**Exercise objective**:
The copy has to match the data exactly and leave out every picture.

________________

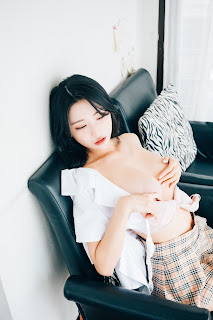 [Loozy] YeonYu (연유) – First play (+S.Ver)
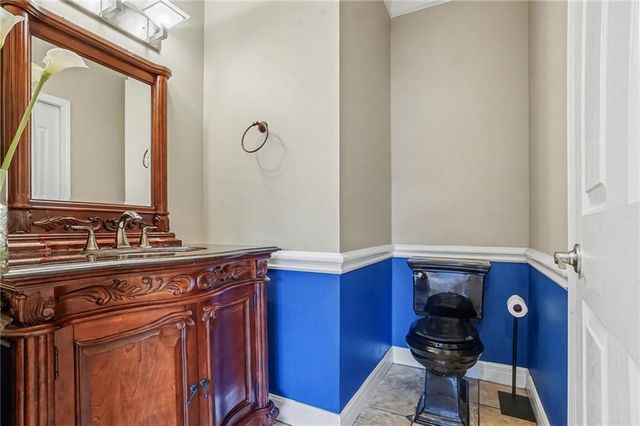 1101 Pebble Beach Drive, Lansing, KS 66043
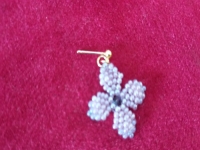 12月28日，外發(fā)手工活正規(guī)平臺，在家做手工掙錢，小成本創(chuàng)業(yè)做手工傳承官，手工之家的純手工穩(wěn)定可靠、有市場，圖為串珠米珠繡純手工產(chǎn)品剪影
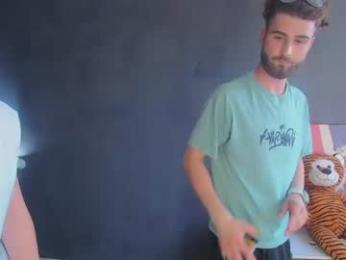 oscarwills webcam model stream image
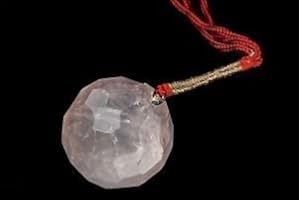 CRYSTALMIRACLE Hermosa bola de cuarzo rosa Feng Shui facetada colgante cristal curación hogar oficina regalo Reiki bienestar energía positiva potente calma paz mental amor vaastu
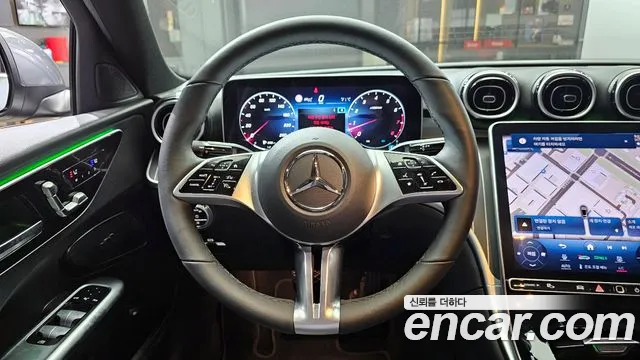 Mercedes-Benz C-Class 2024 — фото 13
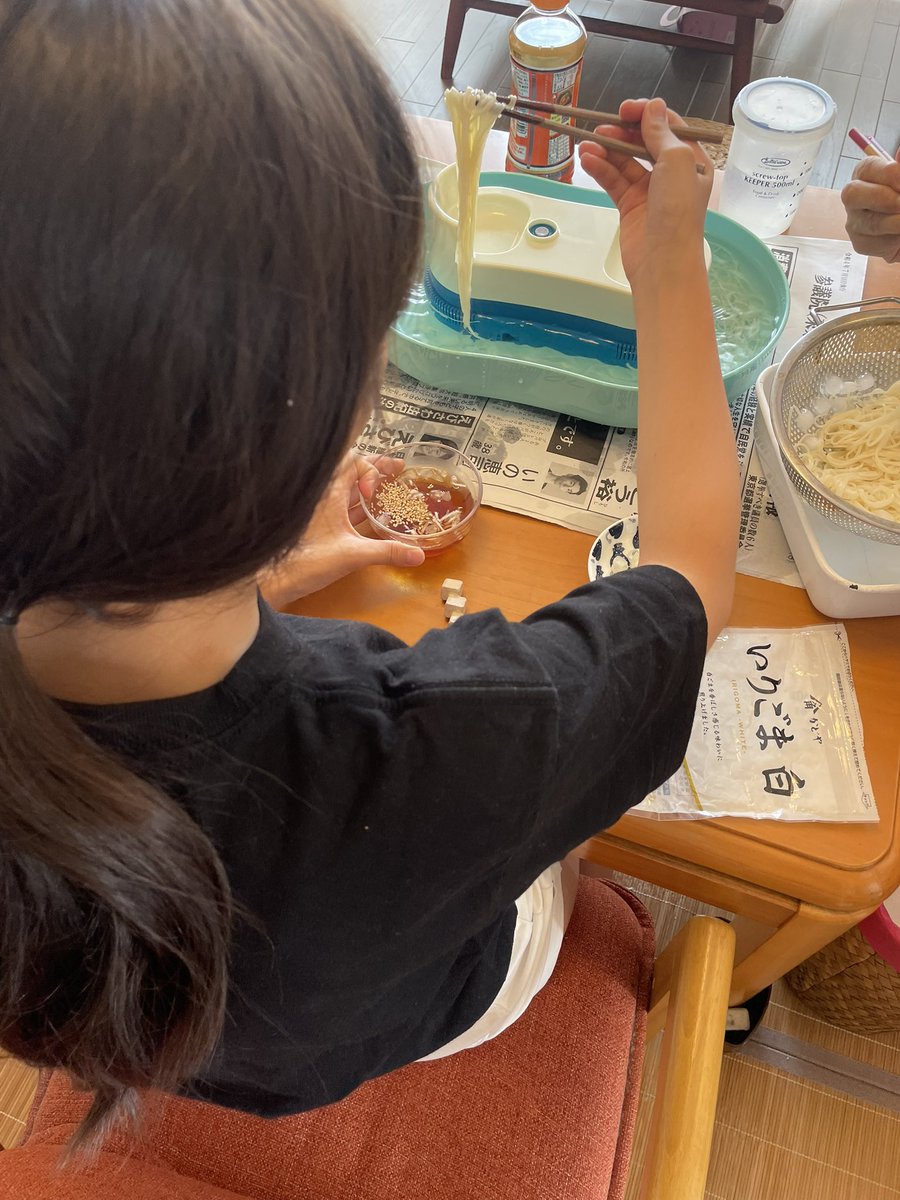 tagujun's tweet photo. 流しそうめん始めました https://t.co/BIf6Xc51L6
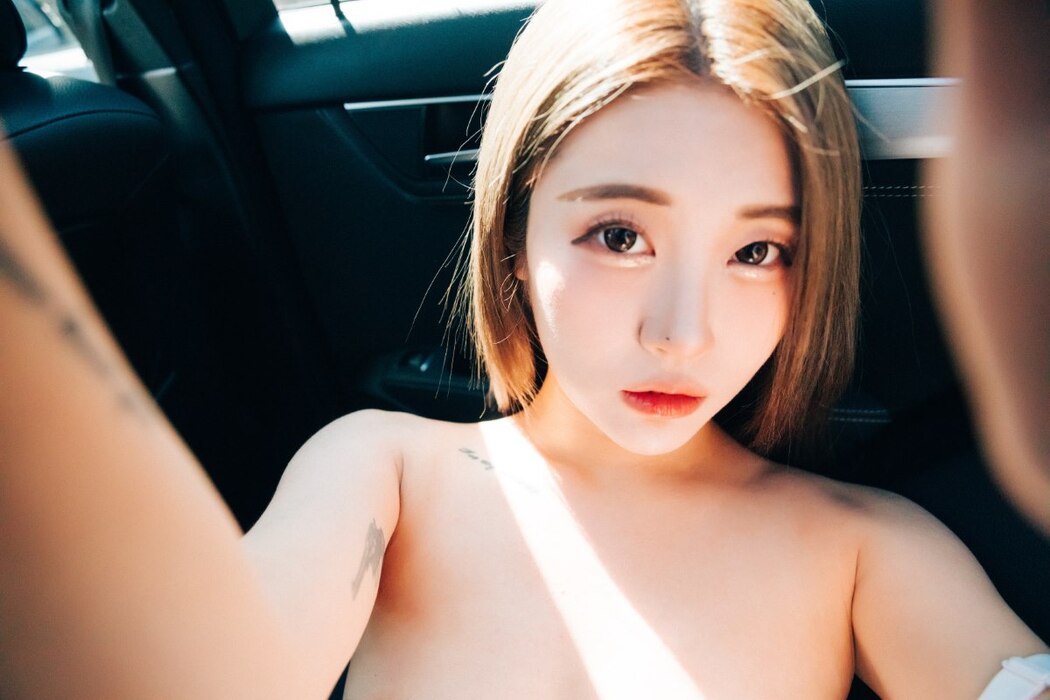 Loozy Bomi 보미 – Girlgroup Yanos S.Ver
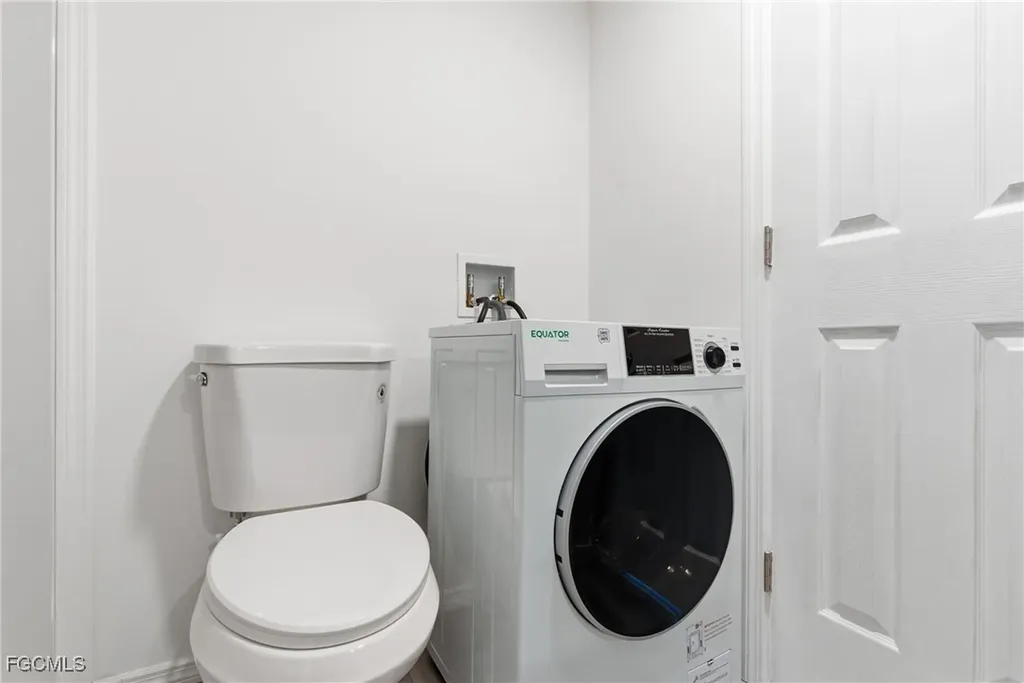 5558 Palm Beach Boulevard Fort Myers FL 33905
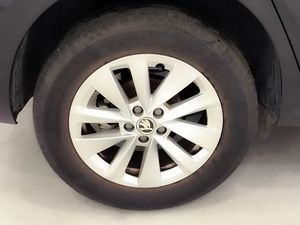 Skoda Kamiq 1.0 Tsi 85kw (115cv) Plus  - Foto 8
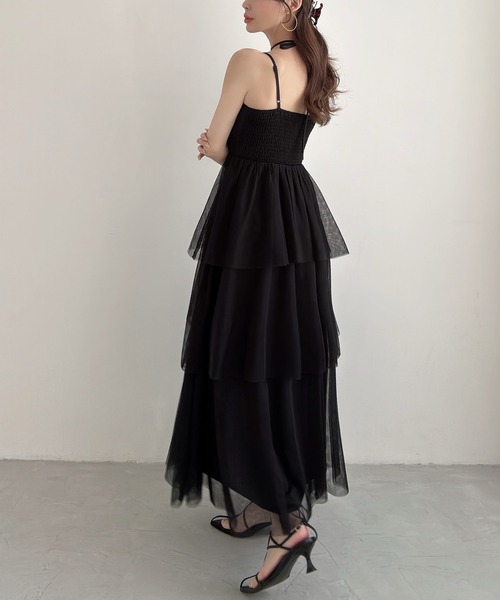 Meiru(メイル)の「ティアードシアーシャーリングキャミワンピース(ワンピース・レディース・チャコール/ブラック/アイボリー・LARGE/MEDIUM/SMALL)」の9枚目の写真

________________

**Task solution**:
 [Loozy] YeonYu (연유) – First play (+S.Ver)
 1101 Pebble Beach Drive, Lansing, KS 66043
 12月28日，外發(fā)手工活正規(guī)平臺，在家做手工掙錢，小成本創(chuàng)業(yè)做手工傳承官，手工之家的純手工穩(wěn)定可靠、有市場，圖為串珠米珠繡純手工產(chǎn)品剪影
 oscarwills webcam model stream image
 CRYSTALMIRACLE Hermosa bola de cuarzo rosa Feng Shui facetada colgante cristal curación hogar oficina regalo Reiki bienestar energía positiva potente calma paz mental amor vaastu
 Mercedes-Benz C-Class 2024 — фото 13
 tagujun's tweet photo. 流しそうめん始めました https://t.co/BIf6Xc51L6
 Loozy Bomi 보미 – Girlgroup Yanos S.Ver
 5558 Palm Beach Boulevard Fort Myers FL 33905
 Skoda Kamiq 1.0 Tsi 85kw (115cv) Plus  - Foto 8
 Meiru(メイル)の「ティアードシアーシャーリングキャミワンピース(ワンピース・レディース・チャコール/ブラック/アイボリー・LARGE/MEDIUM/SMALL)」の9枚目の写真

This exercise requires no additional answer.